As it turns out, Haifa and Nazareth are currently the two most important cities in the local Arab music scene, the former as the center for electronic music and nightlife, and the latter for its indie pop music.
The evening was opened by Zenobia, an instrumental electronic dabke duo from Haifa. Over the past year, Zenobia has played parties in Jerusalem, Haifa and even Ramallah.
The duo’s two members, Nasser Halahlih and Isam Elias, perform in keffiyehs, headbands and dark sunglasses, a look modeled, none too subtly, on Omar Souleyman. But with all due respect to the king of Syrian wedding music, who is credited with reviving the genre, the Haifa duo is dabke’s future.
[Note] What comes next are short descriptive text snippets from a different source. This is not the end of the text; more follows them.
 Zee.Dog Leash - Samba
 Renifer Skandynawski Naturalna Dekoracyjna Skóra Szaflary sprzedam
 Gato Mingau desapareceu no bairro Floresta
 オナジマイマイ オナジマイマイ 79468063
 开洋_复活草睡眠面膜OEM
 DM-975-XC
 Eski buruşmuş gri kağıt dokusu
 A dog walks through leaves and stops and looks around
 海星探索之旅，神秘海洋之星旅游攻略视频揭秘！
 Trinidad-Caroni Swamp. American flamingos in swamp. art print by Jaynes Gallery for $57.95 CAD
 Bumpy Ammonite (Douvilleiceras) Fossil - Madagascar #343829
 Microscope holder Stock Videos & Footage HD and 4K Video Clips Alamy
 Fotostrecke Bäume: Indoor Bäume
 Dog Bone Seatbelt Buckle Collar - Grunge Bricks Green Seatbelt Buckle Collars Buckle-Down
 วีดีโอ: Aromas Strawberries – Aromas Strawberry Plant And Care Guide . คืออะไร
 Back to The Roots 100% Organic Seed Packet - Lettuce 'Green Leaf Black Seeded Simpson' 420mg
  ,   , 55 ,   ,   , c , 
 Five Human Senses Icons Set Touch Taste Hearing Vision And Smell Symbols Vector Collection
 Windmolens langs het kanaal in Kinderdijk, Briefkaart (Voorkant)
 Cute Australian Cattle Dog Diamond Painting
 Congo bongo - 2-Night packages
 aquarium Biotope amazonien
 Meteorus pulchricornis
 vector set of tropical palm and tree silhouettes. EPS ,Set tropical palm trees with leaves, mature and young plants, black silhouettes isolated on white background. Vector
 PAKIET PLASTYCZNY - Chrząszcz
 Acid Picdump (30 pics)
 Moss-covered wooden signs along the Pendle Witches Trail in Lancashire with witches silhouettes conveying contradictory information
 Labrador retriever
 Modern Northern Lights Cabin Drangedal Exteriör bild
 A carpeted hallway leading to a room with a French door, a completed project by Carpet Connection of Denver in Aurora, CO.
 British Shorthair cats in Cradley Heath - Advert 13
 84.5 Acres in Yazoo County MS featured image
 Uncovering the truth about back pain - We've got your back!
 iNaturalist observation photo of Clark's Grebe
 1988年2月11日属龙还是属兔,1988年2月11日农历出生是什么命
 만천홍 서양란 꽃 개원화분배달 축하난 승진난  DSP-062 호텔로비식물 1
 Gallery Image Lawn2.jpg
They play multiple keyboards and create a dabke with a dash of Levantine acid. The experience is terrific and faithful to the original.
Yet Zenobia particularly shone when it slowed the rhythm and speed of the traditional dance and switched to a house-oriented beat. For about an hour, they played their lengthy, synthesized mantras over a chunky beat that put the club’s amplifiers to the test.
To date, they have released only one song officially, and from the excitement on their faces and the way they built their set, it was clear that they’re still a little green. Nevertheless, if they polish their performance a bit, there’s no reason why they shouldn’t succeed abroad. People overseas are crying out for authentic music like this, and they could make it without taking the Tel Aviv nightclub route.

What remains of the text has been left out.